Hi I’m from Ms. Shield’s class! I was wondering what you usually eat on your two week long expedition. —Izzy A.

Answer:

Whoaaah! We seem to always be eating. Between meals there are lots of snacks available: chocolate, chips, nuts, cheese, lots of soda etc. We have 3 meals a day, and the 2 cooks on the ship vary those a lot. But breakfast we get your usual eggs, bacon and toast, but then also treats like pastries, lots of fruit, yogurt. That’s from 7 ish to 8. Lunch is from 11:30 to 12:15 and always includes a big salad bar, plus often 2 proteins, like chicken and fish, and lots of vegetables, pasta, always a dessert or sweet something. Dinner is from 5-6 and a bit more elaborate maybe, but similar to lunch.

Question:

I am in Ms. Sheild’s seventh grade class. I understand that plate tectonics causes the formation and destruction of volcanoes but why did Brothers Volcano collapse in on itself and the other volcanoes didn’t? Also can the gold in the hydrothermal vents be harvested? —Adi K.

Answer:

Neat question. So apparently one reason for the collapse creating a caldera is that the hot molten lava gets sucked back into earth’s crust, sort of like a piston functions in a car.

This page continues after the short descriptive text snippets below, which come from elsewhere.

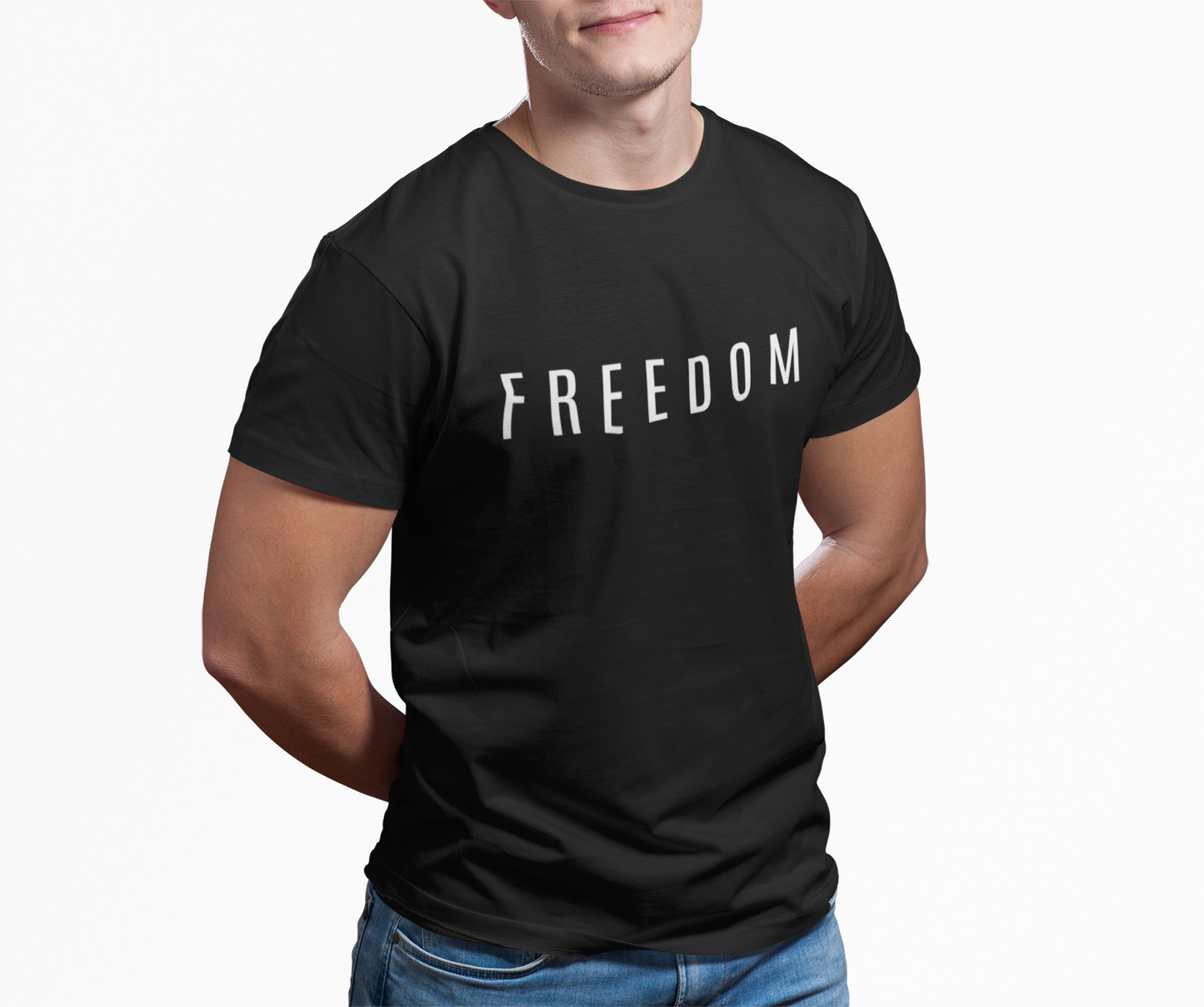 Dark Freedom Unisex Softstyle T-Shirt | Casual Wear, Independence Day, Freedom Celebration, Comfortable Tee, Gift for Him/Her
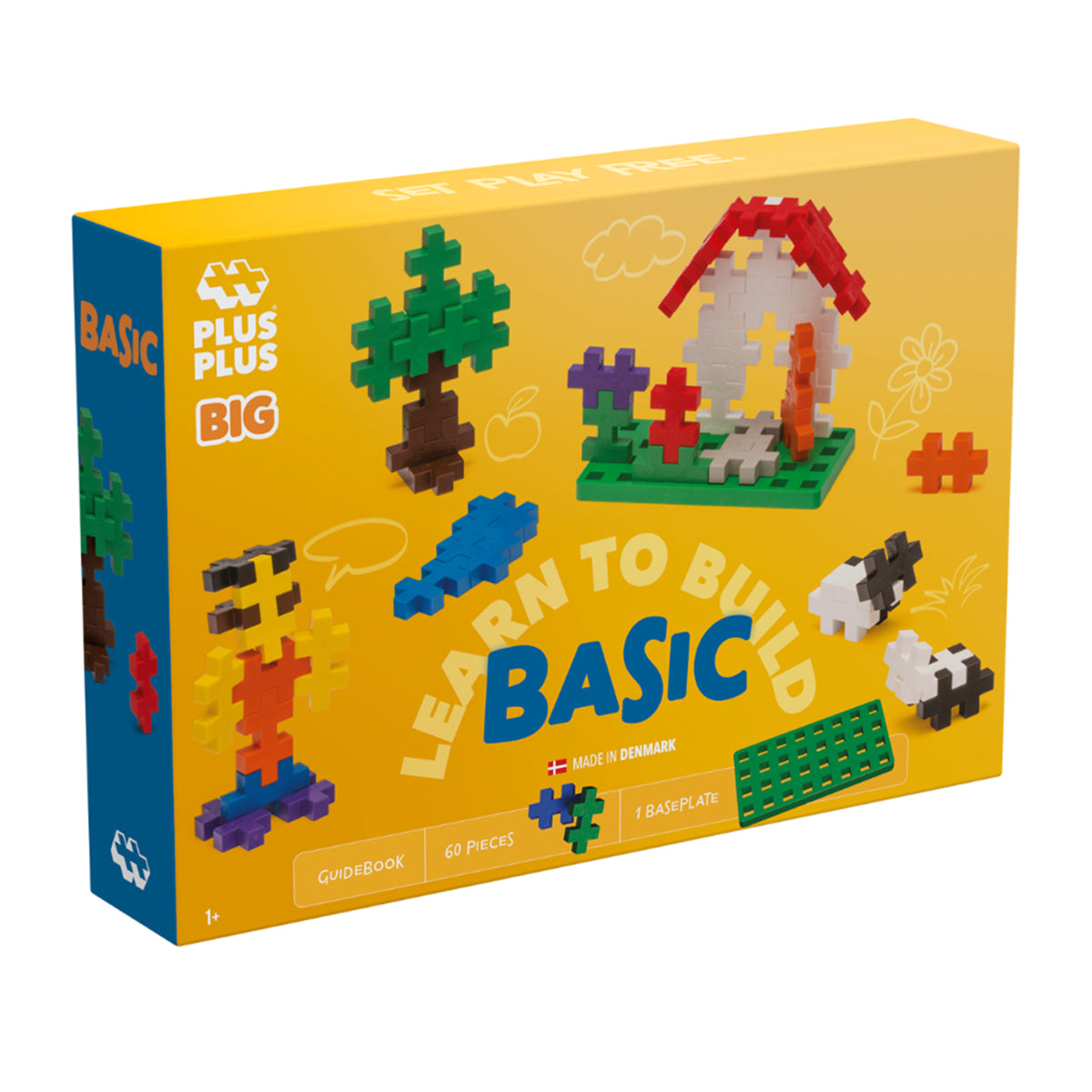 Plus-Plus BIG Learn to Build Building Blocks 60pcs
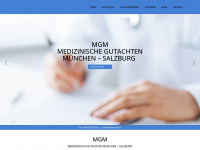 medizinische-gutachten.biz Webseite Vorschau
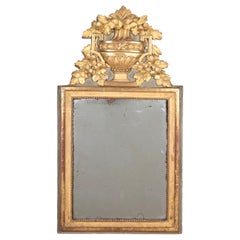 18th Century Water Gilded French Mirror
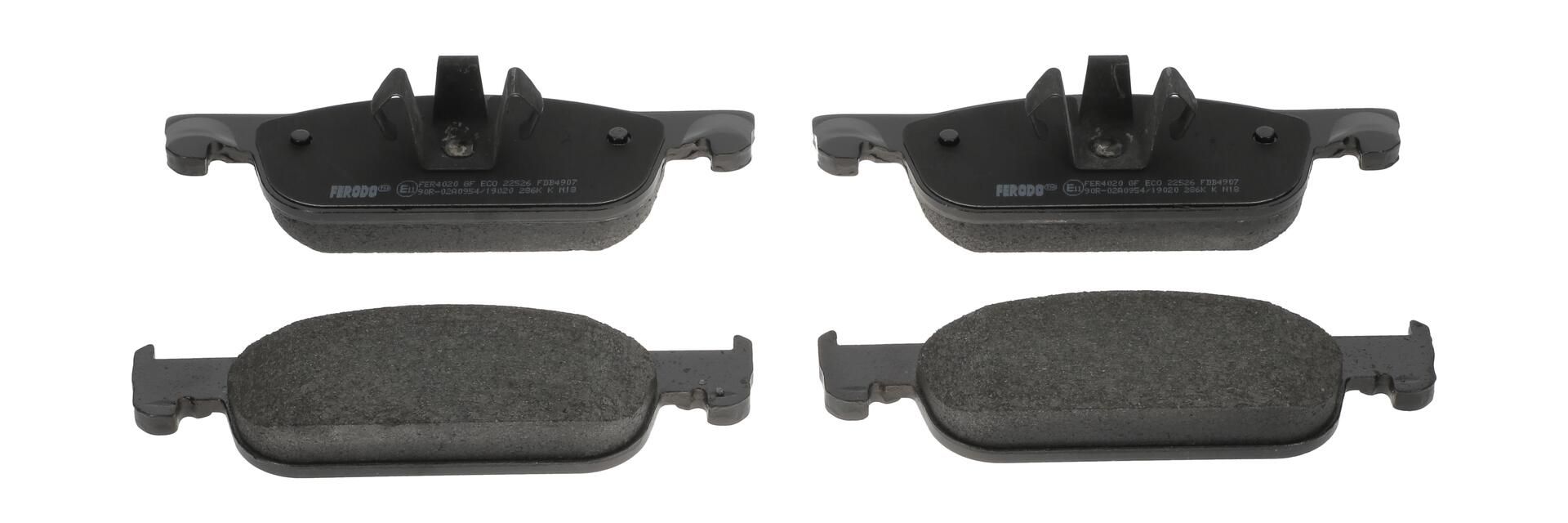 FERODO FDB4907 - Bremsbelagsatz, Scheibenbremse PREMIER ECO FRICTION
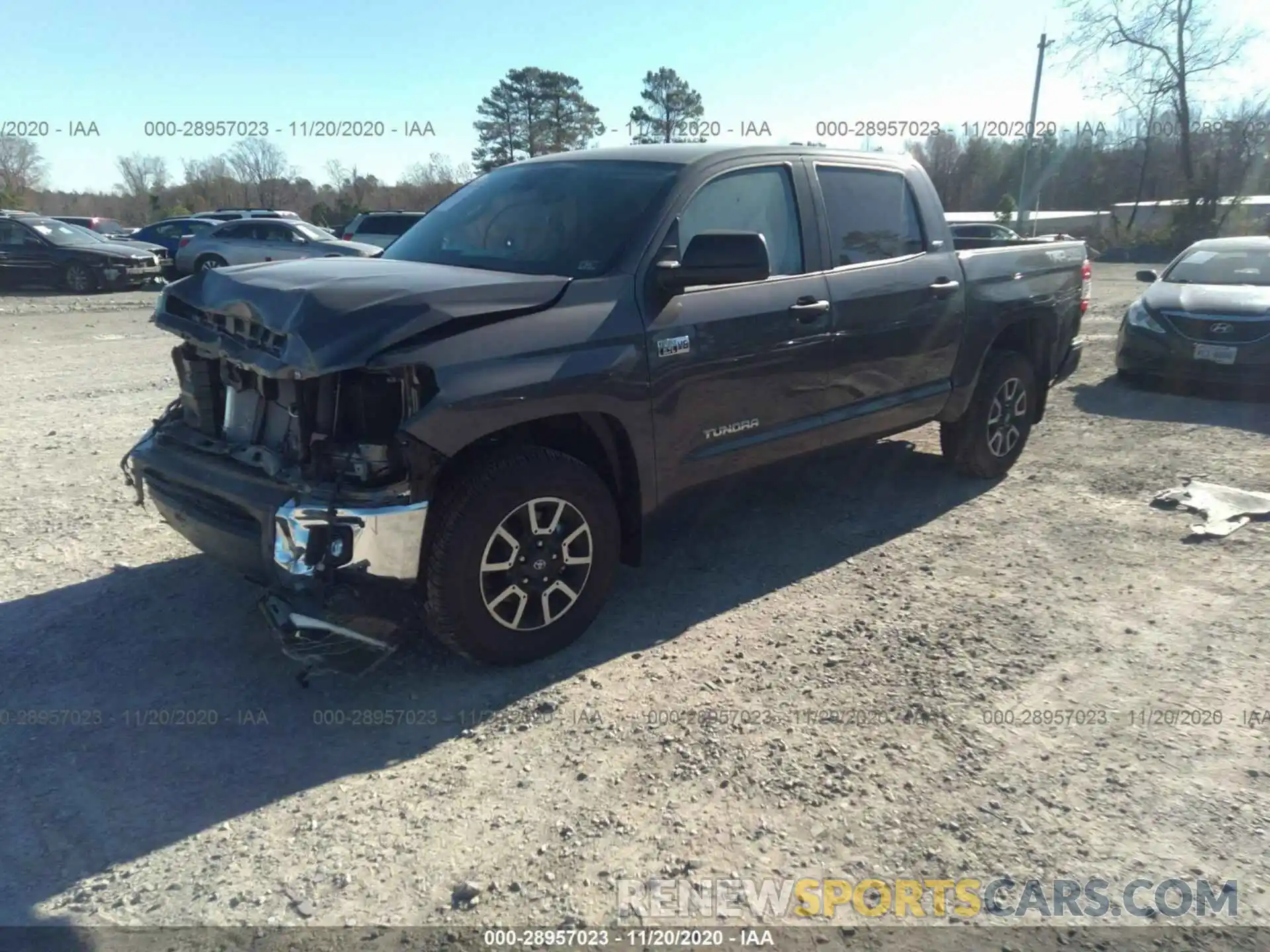 2 Photograph of a damaged car 5TFDY5F14LX936349 TOYOTA TUNDRA 4WD 2020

There are trace amounts of gold, but not enough to harvest. But the copper and similar minerals are in very high concentrations, so some mining companies are exploring ways to harvest these. As you can imagine trying to do that at more than 1500 meters depth is not easy technology! (It would be good for you to convert the meters to feet for your classmates.)

Question:

Hi! I’m in Ms.Shield’s class and I was wondering How do the heat and pressure of the hydrothermal vents affect the marine biology? What is the tallest hydrothermal vents and how tall is it? Thank you for taking your time answering my question. —Anna H.

Answer:

Heat definitely affects the animals. They occupy zones where they can tolerate the heat. If you see the shrimp, the little white patches on their backs, can sense black-body radiation (high heat).  There are some worms that make tubes on the hot rocks, so they can withstand higher temperatures than 37 degrees C. The crabs move quickly away when they feel the heat. Of course the microbes LOVE the heat, and are the slimy white stuff you see on the chimneys.

Pressure does affect the animals. Especially animals that have gas spaces in their body. Some are more sensitive than others. Some experiments that biologists have done is to quickly put the animals back at high pressure (in high pressure ‘aquaria’) when they come on board to study how they function in these high-pressure vessels. Many microbes can withstand the pressure differences, but if you think about it, things like gases will be different (like their solubility) under pressure. Its really difficult to do any high pressure experiments, so we only have a limited understanding of the pressure effects on life in the deep-sea.

A hydrothermal vent is like a geyser,  where very hot fluid comes out of the seafloor. Ask you teacher where that hot water came from, what path it had travelled before coming back to the sea floor. Anyway, when that hot fluid mixes with cold seawater, the minerals precipitate out of solution, and make the chimneys. At Brothers these chimneys can be about 20 meters tall! but they are spindly, so eventually they break and fall to the seafloor. The tallest one ever measured was called Godzilla. It was 80 meters or so tall (how many apartment stories is that?), and was in the Atlantic Ocean. It eventually came down too.. probably after a small seismic event like an earthquake.

Some of the chimneys here at brothers can grow at 4cm/hr.  How much is that in inches?